Make Margaret Atwood Fiction Again
January 16,2018
The reference is to the award-winning author, Atwood, who in 1985 published a dystopian novel, The Handmaid's Tale, that took place in the near future of that time.
The story also ran as a drama on Hulu, premiering in April, just three months after Trump assumed office.
The story focus is a government under the control of “right-wing fundamentalists” who rename the United States, calling it “The Republic of Gilead,” a totalitarian theocracy in which women are subjected to property status, and some are used as sex slaves, or “handmaids” of service, who must bear children for infertile patriarchal families.
As Trump's presidency unfolded, Hollywood couldn't resist the opportunity to paint his Christian supporters as anti-woman and executioners of homosexuals. And it came as no surprise to us that when the soonest opportunity presented itself, Hulu's hateful depiction of Christians would be rewarded with accolades, trophies and self-aggrandizing pats on the back, culminating with a stunning six major Emmys, including best drama, in addition to three more Emmys awarded during an earlier ceremony: nine total.
Given depictions of hated people groups at levels of similar virulence in history, Hulu's "The Handmaid's Tale" is more deserving of trophies made in the image of NAZI propagandist Joseph Goebbels than some nameless winged woman.
The virulence of spite from the left follows a pattern.
Those protest signs were based on left-wing ideologue fears that Trump's rise – or anyone other that a left-wing ideologue's rise in power – is ultimately a threat to human freedom. Everything not in line with leftist orthodoxy is such a threat.
So from the signs, and a recent interview of Atwood that was reported in the Boston Review, we may conclude that many on the left think Trump is the second opportunity for a totalitarian theocracy since Ronald Reagan.
There is an irony here in the fact that there actually is a theocratic threat in the world that challenges Western Civilization. Also ironic is the fact that these same left-wing ideologues, displaying snowflake meltdowns because of the fears of a fundamentalist Christian theocracy, are themselves aiding and abetting the rise of the actual theocratic threat.
Atwood presents herself as someone who has done her research, and she bases her “jolly good yarn” on actual events she has discovered through her understanding of history. To the Boston Review, she said, “I put nothing into the book that people had not done at some time, in some place. And in some countries in the world, these are pretty much the realities now.”
She did not elaborate to the Boston Review what those countries may be, but the interview did veer into specific fears of rising hardships in the United States. Atwood is Canadian. “In some places in the United States, it is approaching reality,” She said.
Was she thinking about Dearborn, Michigan? Or Islamburg, New York? Again, she did not go into specific details.

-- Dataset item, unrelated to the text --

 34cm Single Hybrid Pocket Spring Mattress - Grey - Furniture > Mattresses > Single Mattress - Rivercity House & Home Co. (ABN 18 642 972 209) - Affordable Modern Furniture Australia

She does specify that fundamentalist Christians in her book apply parts of the Bible literally, like naming a training institution for the sexual handmaids, “The Rachel and Leah Center” after characters in the Bible who, with their concubines, gave the patriarch Joseph twelve sons. “It's very literal,” Atwood said. “The real question is, if the United States were going to have totalitarianism, what kind of totalitarianism would it be?”
She passes on indicating any totalitarian threat thing emanating from her left-wing fans. “It certainly would not be communism,” she said.

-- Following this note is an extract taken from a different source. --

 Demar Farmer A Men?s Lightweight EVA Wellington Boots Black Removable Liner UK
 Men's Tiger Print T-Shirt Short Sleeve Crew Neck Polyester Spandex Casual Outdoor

She did not mention Islamic government at all to the Boston Review, but she may have actually eluded to it. Regarding the story of Gilead coming true in some places, she added, “There are thirteen countries in the world in which homosexuality is punishable by death.”
She did not say so, but these are Sudan, Iran, Saudi Arabia, Yemen, Afghanistan, Pakistan, Qatar, the United Arab Emirates, the Islamic Republic of Mauritania, Somalia, Syria, Iraq and Islamic-controlled areas of Nigeria. We can conclude that Atwood is happy to blame Christian fundamentalism for things that no Christian leader is doing now, but that is in fact being implemented as policy by most Islamic run governments on a global scale.
In her dystopia where Christian fundamentalist rulers apply the Bible literally to impose a theocratic totalitarianism, the rulers toss aside the heritage and legacy of the United States in favor of a theocratic sounding name: the Republic of Gilead.
For some reason, this fundamentalist, evangelical government sanctions rape for procreation purposes, imposes a strict form of apartheid based on favoring the preferred white race, eliminates unauthorized religious sentiment, including those calling themselves Christians who oppose the religious theocracy under the regime, and imposes a stratification of society so certain high-bred families and theocratic officials hold much greater empowerment, privileges of property and opportunities than lower-born families.
Atwood said that despite the use of a fundamentalist Christian paradigm for the theocratic totalitarian regime, the book is not anti-Christian. “That's not the case that is being made,” she said. “Some Christians would resist such a regime, and do in the book. Others would be eliminated by the regime.”
But in explaining differences in her book's reception in England compared to the United States, Atwood indicated Europe is more advanced than the United States, beyond the threat of a theocratic despotism taking hold there, because in Europe, such battles were put behind them centuries ago, according to her.
“In England, it was viewed as a jolly good yarn,” she said. “They didn't think of Gilead as something that was going to happen to them, because they did their religious warfare in the seventeenth century.”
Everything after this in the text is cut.